Could you two plan some activities/travel together to do within the first year of marriage (things that are your dreams/goals/etc.), and then after you feel like you’ve had some time to enjoy yourselves as a married couple discuss timelines? Could you start to take a few classes now, and see how those go, instead of waiting to go back to school?
Post # 9
I know a ton of men who don’t have their first child until their mid-30s. Which doesn’t mean it isn’t understandable for him to want to try earlier. But your selfish life ends when you have a kid and you should be ready for that before you have a baby! I know for me I wanted to live a lot of life before I became a mom- grad school, career, social life, etc. You don’t want to resent your baby – or your husband – for taking that away from you before you are ready.
Your concerns are at least as valid as his, so definitely continue the discusison and see if you can come up with a compromise that you are both happy with.
Re: Sperm quality and age- my understanding is the jury is still out on this one. A lot of studies have been inconclusive, so talk to your doctor before you use that as a reason to TTC!!
Post # 10
Is there any way you can speed up when you get your next degree?
I definitely don’t think you are selfish. We started TTC after I got my masters (@30), but DH was only 31. Anywho, even though we were trying, and both ready, pregnancy has been so much harder emotionally than I thought it would be. You think if it’s planned, that it is all giggles and joy, but there I’ve had several freakout moments about becoming a mom, the affects on my career and my body. At the end of the day, I still feel so blessed, but it helps that I was ready when we got pregnant. I don’t think my hubby pressuring me would’ve been healthy, bc te hormones during pregnancy already wreak havoc enough on you without add’l doubts.
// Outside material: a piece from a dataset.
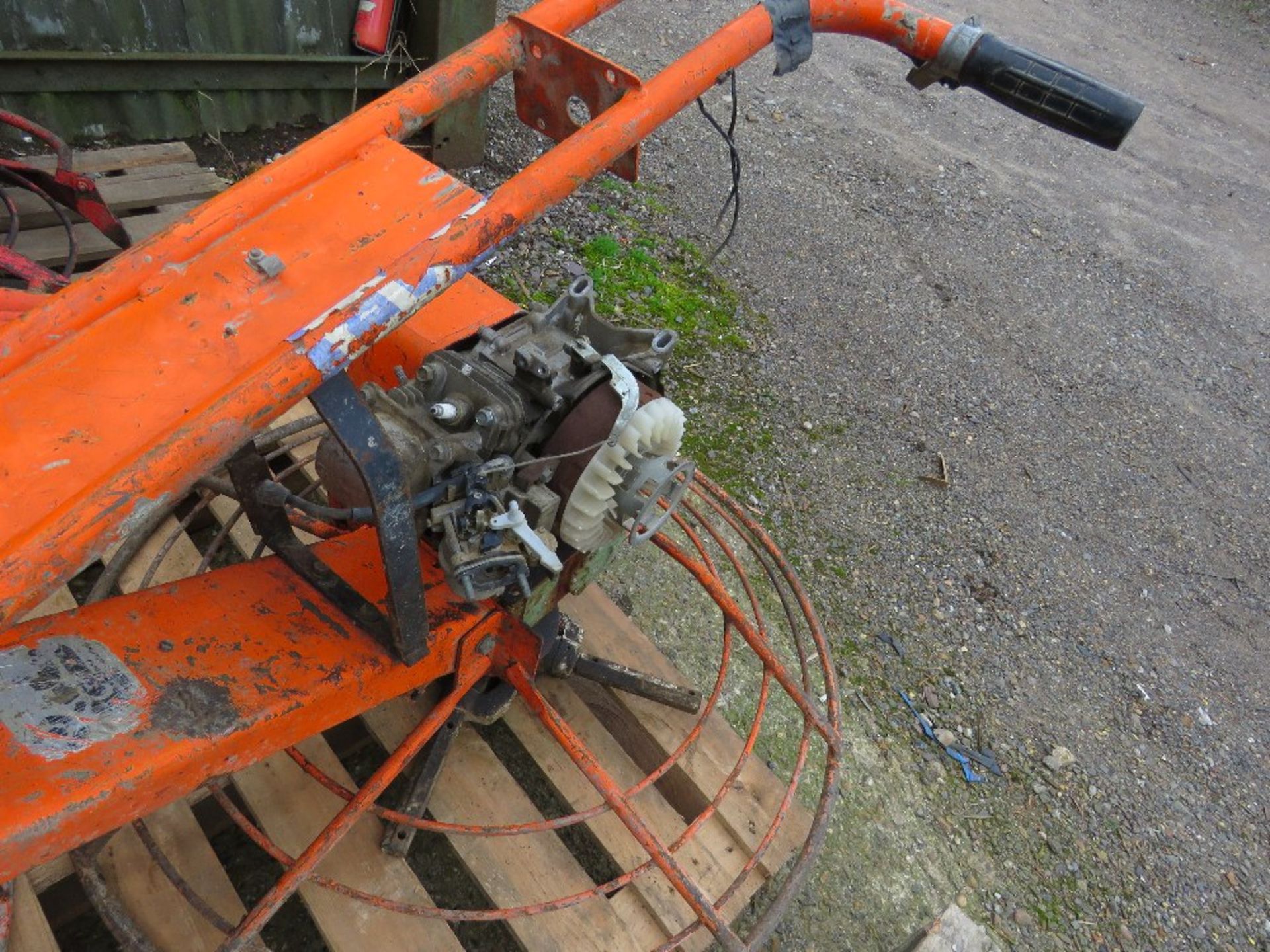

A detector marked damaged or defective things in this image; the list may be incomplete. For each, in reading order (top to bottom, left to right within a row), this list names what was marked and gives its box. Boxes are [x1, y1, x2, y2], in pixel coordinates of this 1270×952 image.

rust patch on metal [149, 680, 238, 736] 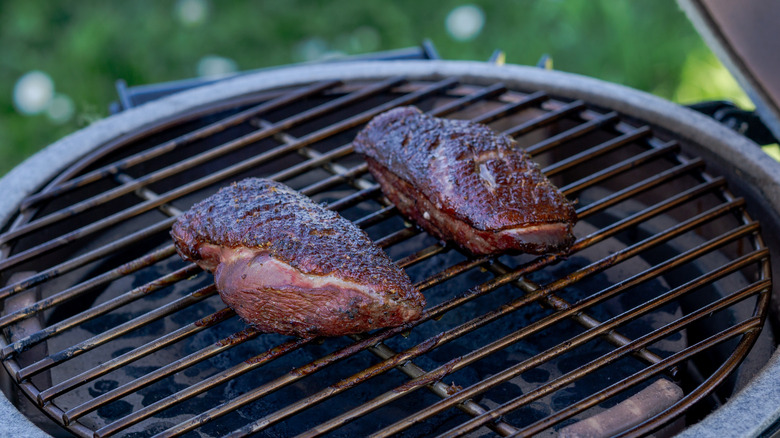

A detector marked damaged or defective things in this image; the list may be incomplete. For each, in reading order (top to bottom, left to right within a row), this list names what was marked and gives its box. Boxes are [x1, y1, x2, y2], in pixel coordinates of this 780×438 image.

However, I also feel like it’s not fair to make it *just* your decision, so hopefully there is a middle ground.
Post # 11
Thanks everyone for the advice. If I could push my schooling faster, I would. Unfortunately, the degree I want to go for requires 2 years of working in intensive care before I can start applying. I won’t be able to try and get into the ICU until around January. So the thought was maybe we have a kid now– then it will be old enough to handle day care by the time I will be in school full time– my program is soo busy for 36 months that we are not allowed to work during that time either. I fear we will be so ‘on edge’ about money during those couple of years as it is. ugh…
Post # 12
Hi, I’m in nearly the same shoes as you. I’m getting married the day before you. I will be 24 and my fiance will be 31. My advice is to PLEASE listen to what you want and wait to be a mommy if you want to enjoy your job, your money, your schooling, your free time, adult activities, your travel, your career, being a newlywed, etc. Once you have a baby that is not something you can have back for many years to come and by the time you get that back, age may have changed your goals/priorities and you may miss out on some of those opportunities all together. Take the time NOW and enjoy it. Babies are blessings for sure, but the responsibility of parenthood is not one to be pressured into before you are 100000000000% ready to sacrafice some of those things you listed above that you’d like to do. You can still do them, but it will be a lot harder. You’re young, enjoy that! Soak up all the fabulous opportunities that you have waiting for you for a few years and when you are ready (without the pressure) than TTC. My vote is that if you have any doubts at all whatsoever, then wait a while just to be completely sure. That’s a pretty big life-changing final decision and nobody should be pressured into it if they aren’t totally ready. 35-40 really isn’t too old for a guy to have kids!